I’ve worked with both (I personally have an unrelated BS and an MS in SWE, which I used purely to get my foot in the door – it worked), and IMO if someone has a BS, not MS, there’s a decent chance they at least understand DS&A, probably took an OS course, etc.
That said, I have also worked with brilliant people who had no formal education in the subject whatsoever, they just really, really liked it.
I’m biased towards ops because that’s what I do and like, but at least in that field, the single biggest green flag I’ve found is whether or not someone has a homelab. People can cry all they want about “penalizing people for having hobbies outside of their job,” but it’s pretty obvious that if you spend more time doing something – even moreso if you enjoy it – you will learn it at a much faster rate than someone who only does it during business hours.
Maybe you should skip bashing modern devs and people who learnt from online courses when the parent poster is the one in the wrong. Unless InnoDB has a particularly bad implementation of disk backed temporary tables almodt all disk IO should be done in the background so the latency cost should be small. I recommend benchmarking on you particular workload of you really want to know hur big it is.

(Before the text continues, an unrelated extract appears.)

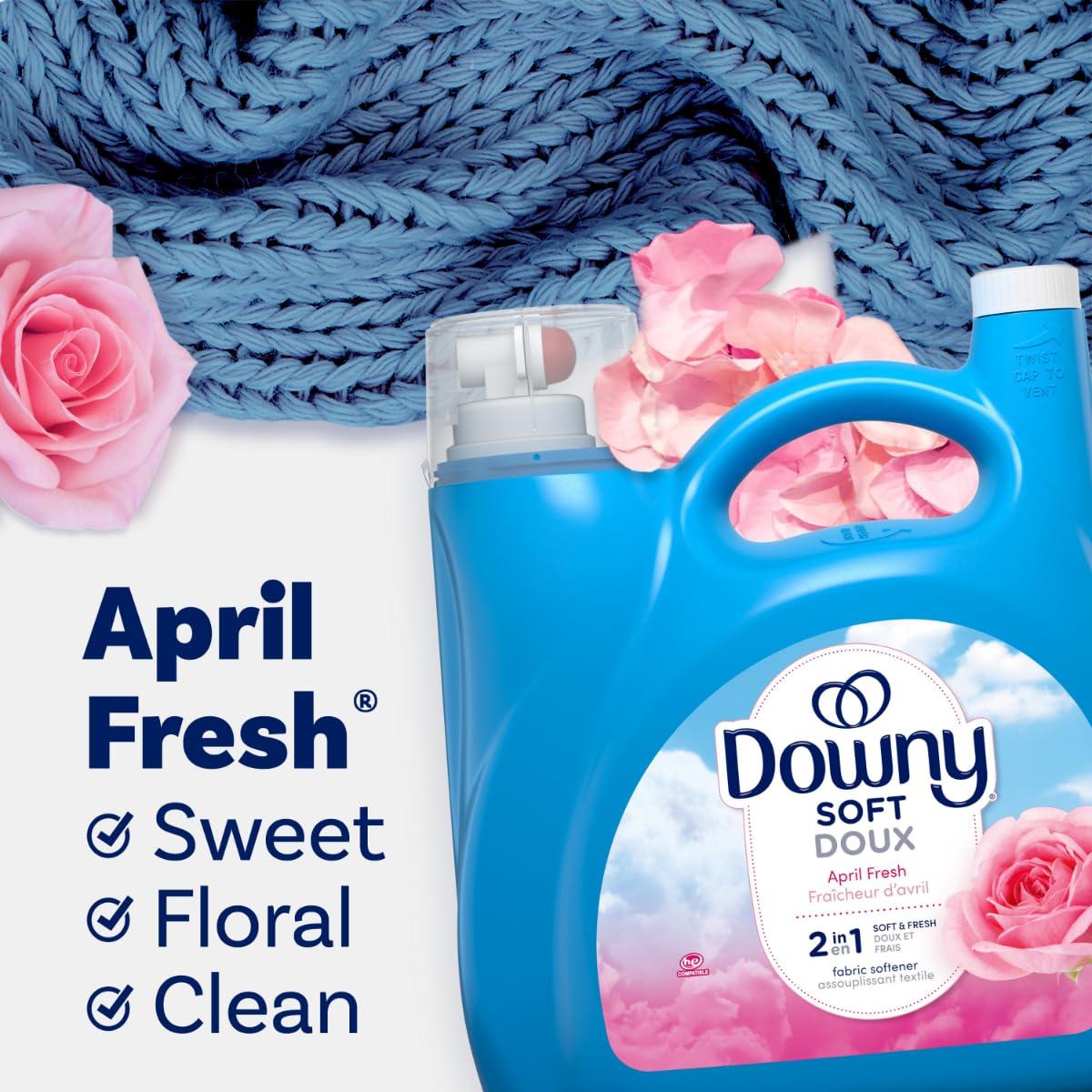 Downy Downy Fabric Softener Liquid, April Fresh Scent, 140 fl oz, 190 Loads, HE Compatible, Downy Fabric Softener, Liquid Fabric Softener, Laundry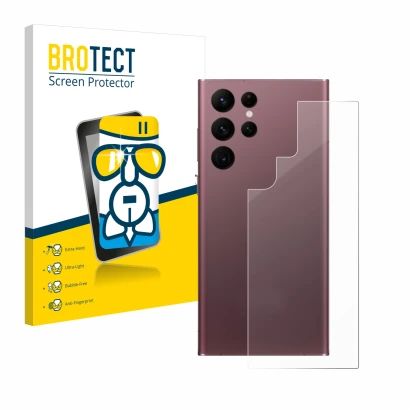 Vorderseite einer Produktverpackung mit dem Markenlogo BROTECT. Daneben ist das Gerät Samsung Galaxy S22 Ultra 5G (Rückseite)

I am an old-school developer with a computer engineering degree but many of the old famous devs were self taught. Yes, if you learn how to code through online courses you will miss some important fundamentals but those are possible to learn later and I know several people who have.
We have excellent metrics between PMM and AWS Perf. Insights / Enhanced Monitoring. I assure you, on-disk temp tables were to blame. To your point, though, MySQL 5.7 does have a sub-optimal implementation in that it kicks a lot of queries out to disk from memory because of the existence of a TEXT column, which internally treated as a BLOB. Schema design is also partially to blame, since most of the tables were unnecessarily denormalized, and TEXT was often used where VARCHAR would have been more appropriate, but still.
That really should include "sync write 4KB to an SSD". People don't realize it's purely in-RAM on the disk these days (you pay a PCIe round trip, and that's about it).
I do want to add that many of the devs I work with and have worked with are genuinely interested in learning this stuff, and I am thrilled by it.
What bothers me is when they neither have an interest in learning it, nor in fixing their bad patterns, and leadership shrugs and tells infra teams to make it work.